# Finally got up to date pics of my bunch..



## angelofwhimsy (Dec 11, 2011)

http://www.flickr.com/photos/[email protected] ... otostream/ (for more varied pics)

Cast list:
(boys)
Unnamed boy - unknown colour, suggested broken blue agouti tan as he has a blob of tan under his bottom and a bi-colour tail 









Mycroft - blue self









Jasper - satin dove tan

















Morgan - black tan









Miles - another unknown, long haired broken champagne tan perhaps? The tan spans his full body though so not completely sure. Hard to get a good shot. (2 years old - has a cataract)









Marble - normal tri colour









Murmur - normal tri colour









(girls)
Miami - stone tri colour

















Missy - long-haired broken/pied chocolate satin (2 years old - has a cataract)

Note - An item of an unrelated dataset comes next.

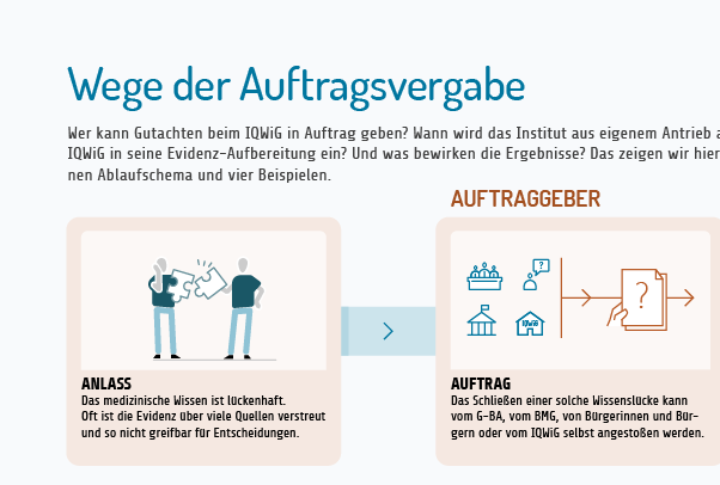 Wege der Auftragsvergabe an das IQWiG: eine fünfteilige Infografik. Erster Teil. Die Schließung einer medizinischen Wissenslücke kann vom Gemeinsamen Bundesausschuss, vom BMG oder von Bürgerinnen und Bürgern angestoßen werden. Das Institut stellt dann die wissenschaftliche Beleglage zusammen und wertet sie aus. In vielen Fällen bezieht es dabei auch externe Fachleute ein. Die Ergebnisse fügt das Institut zu einem Gutachten zusammen, das an die Auftraggeber versandt und auf der Website veröffentlicht wird. Bei den Auftraggebern fließt das Gutachten in Beschlüsse, Verordnungen, Leitlinien usw. ein. Das Ergebnis: Die Wissenslücke wurde geschlossen. Oder es wurde weiterer Forschungsbedarf belegt. Zweiter Teil von fünf. Beispiel für einen Auftrag des Gemeinsamen Bundesausschusses an das IQWiG: Antidepressiva. Der Anlass war die Ungewissheit, ob bei bestimmten Antidepressiva der Nutzen oder die Nebenwirkungen überwiegen. Unklar waren auch die Vor- und Nachteile einzelner Antidepressiva im Vergleich zueinander. Der Auftrag war eine Nutzenbewertung auf Basis von Studien, die die Hersteller der Antidepressiva durchgeführt hatten. Das Ergebnis: Die Daten waren unvollständig. Nicht alle Hersteller lieferten das fehlende Material nach. Für ein Antidepressivum ließ sich ein Schaden, aber kein Nutzen belegen. Die Folge: Das IQWiG und andere forderten eine gesetzliche Pflicht zur Veröffentlichung von Studiendaten. Inzwischen gibt es sie. Hersteller müssen dem IQWiG ihre Daten zur Verfügung stellen. Das führt zu besseren Therapie-Entscheidungen. Dritter Teil von fünf. Beispiel für einen Auftrag des BMG an das IQWiG: Leitlinie zur natürlichen sogenannten vaginalen Geburt am Termin. Der Anlass: Zwei Fachgesellschaften wollten eine Leitlinie erarbeiten. Dafür brauchten sie einen Überblick über die Evidenzlage. Der Auftrag an das IQWiG war eine Unterstützung der Fachgesellschaften. Diese stellten dem Institut acht Schlüsselfragen. Das Ergebnis: Das IQWiG ermittelte und bewertete Studien zu den Fragen rund um die „natürliche Geburt“. Die Folge: Orientierung für das medizinische Personal und mehr Sicherheit für Schwangere und ihre Kinder. Vierter Teil von fünf. Beispiel für einen HTA-Bericht: Welche Alternativen gibt es zu Antidepressiva? Der Anlass: Viele Menschen bekommen Herbst-Winter-Depressionen. Nicht alle wollen gleich Antidepressiva nehmen. Hilft eine Lichttherapie oder Vitamin D? Diese Frage wurde beim ThemenCheck Medizin gestellt. Den Auftrag erteilte das IQWiG an ein externes Autorenteam. Das Ergebnis: Lichtlampen verbessern die Symptome und wirken etwa so gut wie das Medikament Fluoxetin oder eine kognitive Verhaltenstherapie. Zu Vitamin D gab es keine guten Studien. Die Folge: Man weiß jetzt, dass Lichtlampen bei einer Herbst-Winter-Depression einen Nutzen haben. Viele betroffene können auf ein Antidepressivum verzichten. Fünfter Teil von fünf. Beispiel für einen Generalauftrag: Unsicherheit in Patienten-Informationen. Der Anlass: Um eine informierte Entscheidung zu treffen, muss man wissen, wie sicher die Evidenz ist. Aber wie beeinflusst die Darstellung von Unsicherheit die Leserinnen und Leser einer Patienten-Information? Der Generalauftrag: Forscherinnen und Forscher der Uni Erfurt und des IQWiG nahmen sich vor, Textvarianten mit unterschiedlicher Aussagensicherheit zu einem fiktiven Arzneimittel empirisch zu testen. Das Ergebnis: Die Mitteilung wissenschaftlicher Unsicherheit über einen Behandlungseffekt hatte wenig Einfluss auf die wahrgenommene Wirksamkeit der Behandlung. Die Folge: Die Verfasserinnen und Verfasser von Patienten-Informationen wissen nun, dass sie ihrer Leserschaft ehrliche Darstellungen unsicherer Evidenz ruhig zumuten können.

Marina - satin(?) dove tan









Mercedes - self champagne/beige/stone









Mischief - blazed black girl









Unnamed new girl - poor pied dove maybe?









Unnamed new girl - unknown, any guesses? Could be ivory/bew, or a super pale silver or something else entirely

















Unnamed new girl - pied black 'fuzzy hairless'


----------



## onionpencil (Jan 6, 2013)

pretty cute bunch!


----------



## angelofwhimsy (Dec 11, 2011)

Thank you!


----------



## TwitchingWhiskers (Feb 2, 2013)

Beautiful mice. They all have such nice ears.


----------



## angelofwhimsy (Dec 11, 2011)

Aww, thank you ^^ they do have nice, big ears <3


----------



## ThatCertainGlow (Jun 23, 2012)

angelofwhimsy said:


> Unnamed new girl - unknown, any guesses? Could be ivory/bew, or a super pale silver or something else entirely


No idea what she is, other then appearing BEW in the picture lighting, but I really like the way she is put together.  Nice bunch of pictures. Did many of these come from a breeder?

-Zanne


----------



## angelofwhimsy (Dec 11, 2011)

They all are  Mycroft, Morgan, Jasper, Marble, Murmur, Miami and Marina were all from a Leicester breeder Morning Star, Mischief, Mercedes, Miles and Missy were from another Leicester breeder Kage Davies, and the 4 unnamed babies are from a Derby breeder who is working on naked lines  (but she's not a member here I don't think?)


----------



## nataliew (Feb 2, 2013)

They are all beautiful my favouite is murmur


----------



## angelofwhimsy (Dec 11, 2011)

Awww, thank you! Murmur is gorgeous but I have to admit my soft spot is for my older mice, two are 2 years old, two are 18 months, and three are about 14-15 months old so I always feel a bit like I'm looking after them on borrowed time


----------



## Seafolly (Mar 13, 2012)

I know what you mean by having a soft spot for the older ones! I truly adore my foundation mice (1 year, 2 months...not too old yet).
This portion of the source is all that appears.